Sequential Sentence Classification in Research Papers using Cross-Domain Multi-Task Learning

This repository contains the source code for the paper

Arthur Brack, Anett Hoppe, Pascal Buschermöhle, Ralph Ewerth: Cross-Domain Multi-Task Learning for Sequential Sentence Classification in Research Papers, accepted for publication at the Joint Conference on Digital Libraries (JCDL), 2022, preprint available at: https://arxiv.org/pdf/2102.06008.pdf

Installation

Create an anaconda environment "scibert" from the file environment.yaml with the following command:

conda env create -f environment.yaml

You can activate the environment with the command "conda activate scibert"

Note: the environemnt has been created with "conda env export --no-builds > environment.yaml"

Dataset preparation

SciBERT

Download SciBERT from https://github.com/allenai/scibert (Pytorch HuggingFace, scibert-scivocab-uncased )
extract all files into the directory "bert_model/scibert_scivocab_uncased/"

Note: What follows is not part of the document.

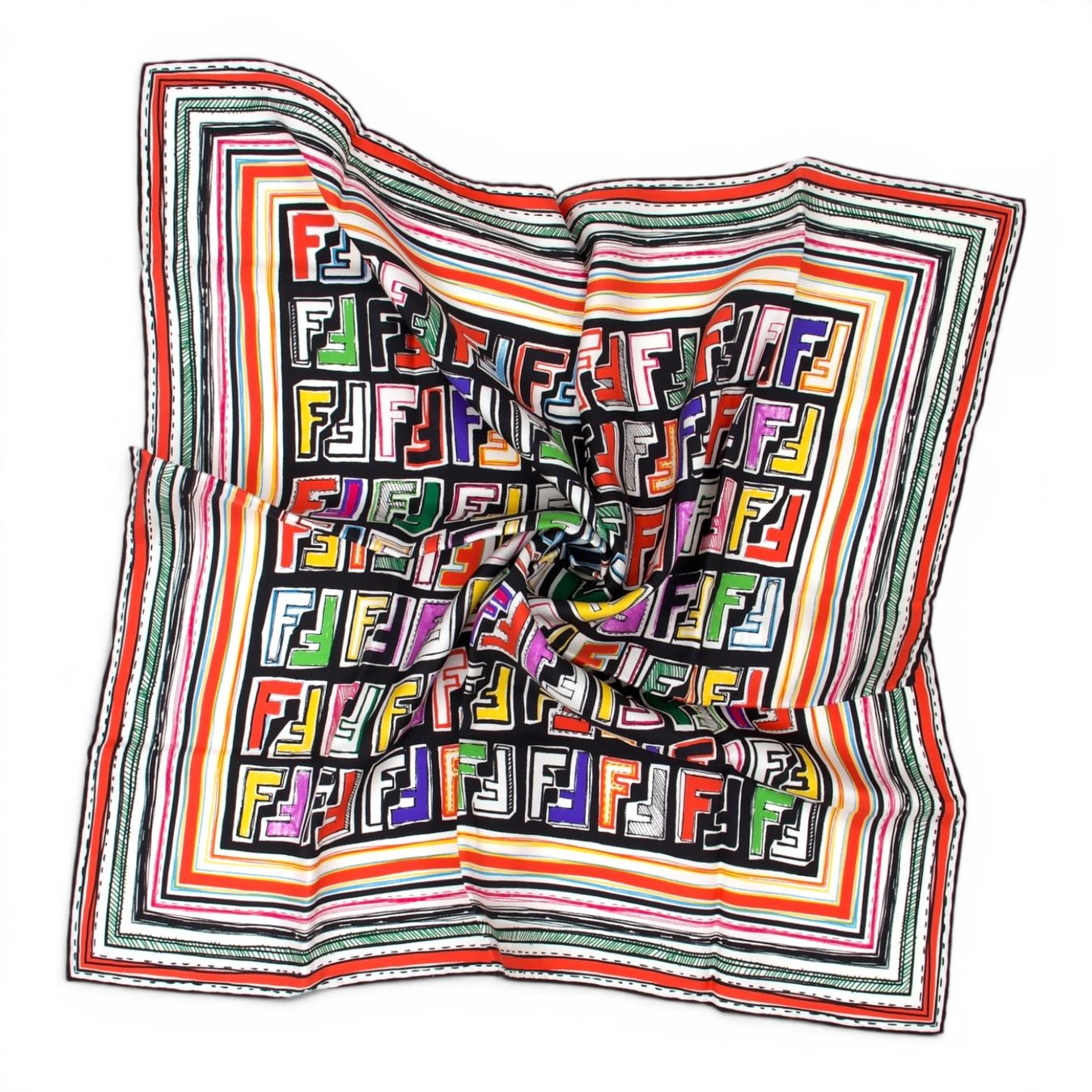 Fendi Foulard & Sciarpe: Fendi Seidentuch multicolor – Usato da Binningen venduto da Designerlabels 3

Download and Conversion of corpora

PUBMED-20k and NICTA-PIBOSO

download the files from https://github.com/jind11/HSLN-Joint-Sentence-Classification/tree/master/data
put the files of Pubmed-20k into the folder "datasets/pubmed-20k"
put the files of NICTA-PIBOSO into the folder "datasets/nicta-piboso"

Dr. Inventor

obtain the corpus as described in http://sempub.taln.upf.edu/dricorpus
create a folder "datasets/DRI"
convert the XML-files into a text file with convert_dri.py into the folder "datasets/DRI"

ART

download the corpus from https://www.aber.ac.uk/en/cs/research/cb/projects/art/art-corpus/
convert the XML-files into a text file with convert_dri.py into the folder "datasets/ART"

Generic dataset

compile the dataset with compile_generic_dataset.py

SciBERT tokenisation

To speed up the training we tokenize the sentences with SciBERT beforehand.

Just execute tokenize_files.py
You should get *_scibert.txt files in the resp. dataset folders

Experiments

All experiment results of a run are stored in a separate folder under "results/".
You can choose in the run scripts whether model files shall be saved.
We use simple python scripts instead of command-line arguments or shell scripts for simple customising of the training runs.

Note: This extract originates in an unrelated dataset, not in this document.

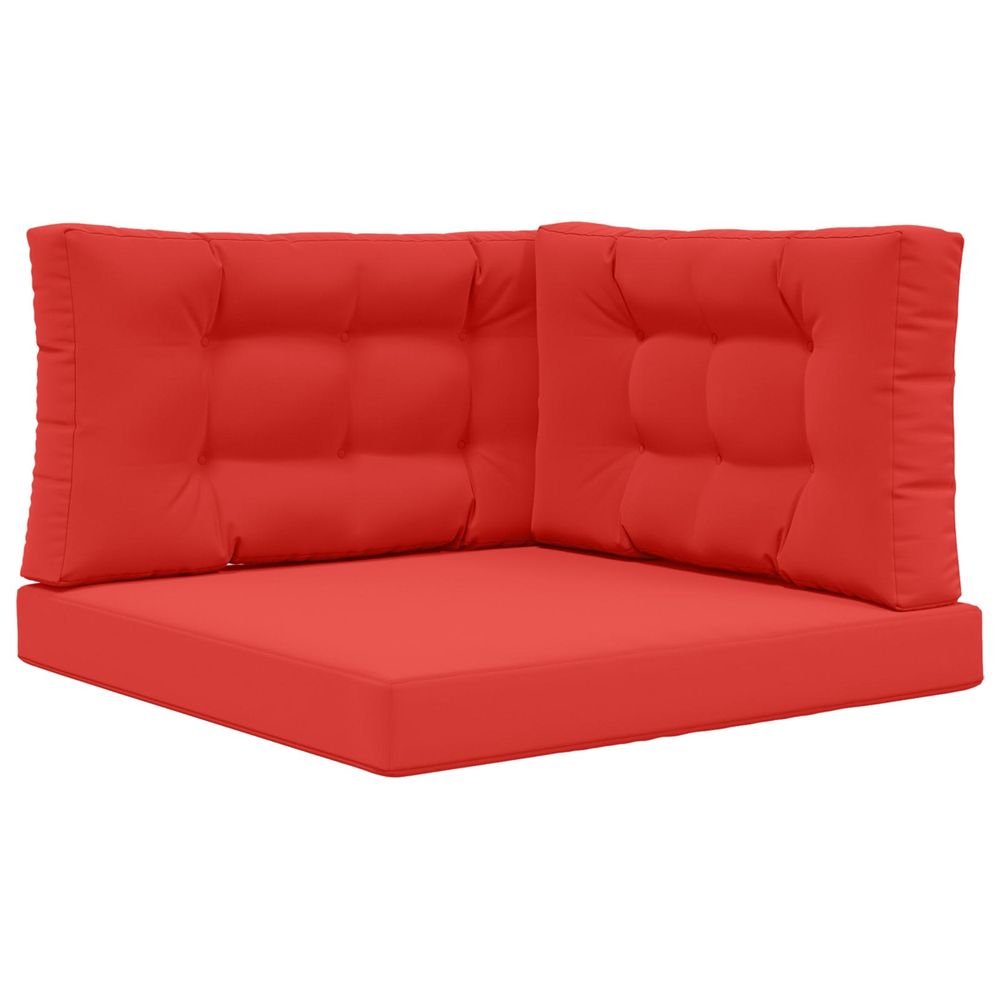 Coussin de canapé d'extérieur polyester rouge 80 x 80 cm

After each run different metrics are calculated and stored in the results folder:

results.csv (contains for each task averaged metrics with the best dev metric in the resp. fold/restart)
f1_per_label.csv (contains averaged F1 scores for each task)
*_cm.pdf (Confusion matrix for each task)

Baseline Results

To execute the baseline experiments do the following:

open the file baseline_run.py
go through the "# ADAPT:" comments and adapt the settings
execute the script
the script trains the model for each fold resp. restart and evaluates their performance

Sequential Transfer Learning (INIT)

train first the baseline models and let them be saved (save_best_models=True)
open the file transfer_run.py
go through the "# ADAPT:" comments and adapt e.g. the source task and the target task you want to execute
execute the script
the script will load the baseline models as the source task and train the target task, and then evaluate the performance

Multi-Task Learning (MULT ALL)

During Multi-Task Learning you can provide several GPUs (see gpus variable) so that the runs can be executed concurrently.

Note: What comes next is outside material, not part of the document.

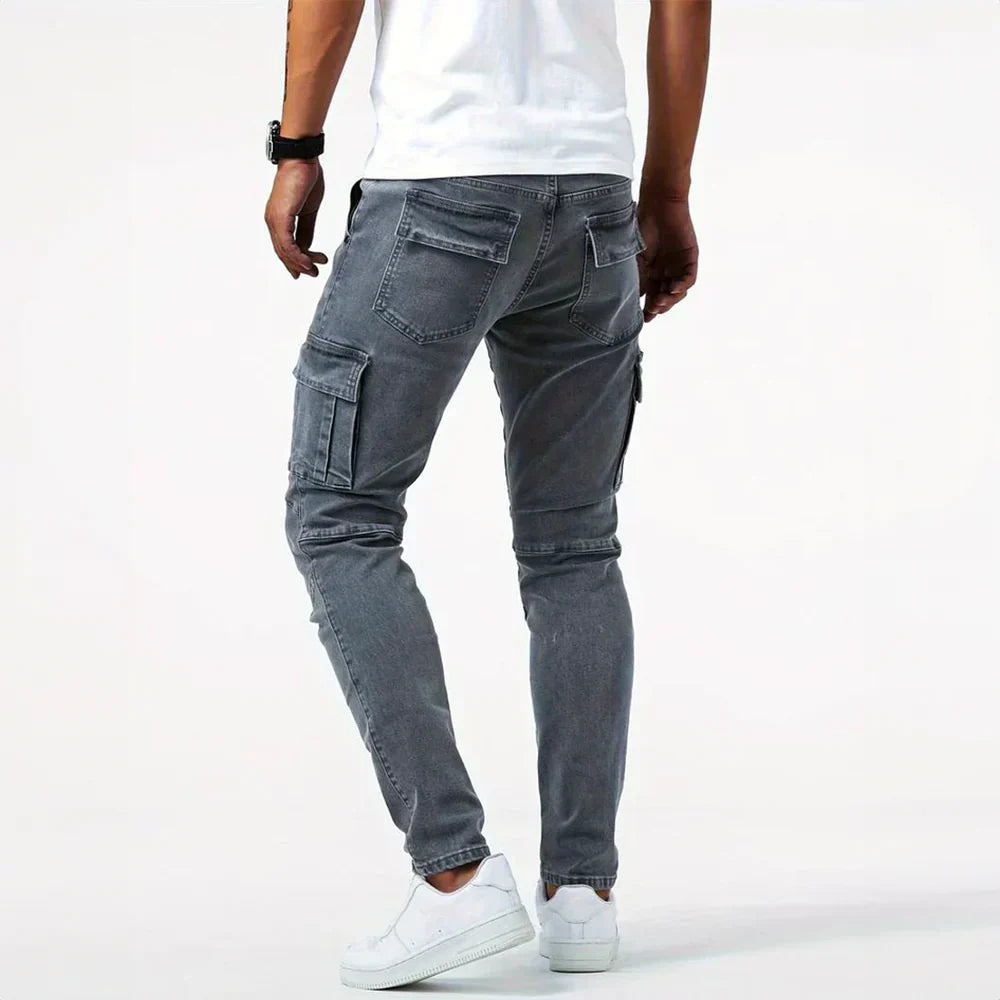 XAVIER – Stretch-Cargo-Jeans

open the file multitask_run.py
go through the "# ADAPT:" comments and adapt everything you need (e.g. the tasks to be included)
execute the script
the script will train and evaluate the models

Multi-Task Learning with grouped Layers (MULT GROUPED)

During Multi-Task Learning you can provide several GPUs (see gpus variable) so that the runs can be executed concurrently. Please note that each fold resp. restart two GPUs are required as the model does not fit into the memory of a 12 GB RAM GPU.

open the file multitask_run_sep_layers.py
go through the "# ADAPT:" comments and adapt everything you need
execute the script
the script will train and evaluate the models

Semantic Relatedness of Labels

To calculate the semantic relatedness between the datasets for different models you first need the following:

baseline models for all tasks
Multi-Task model (MULT ALL)
Multi-Task model with grouped layers (MULT GROUPED ((P,N),(D,A)))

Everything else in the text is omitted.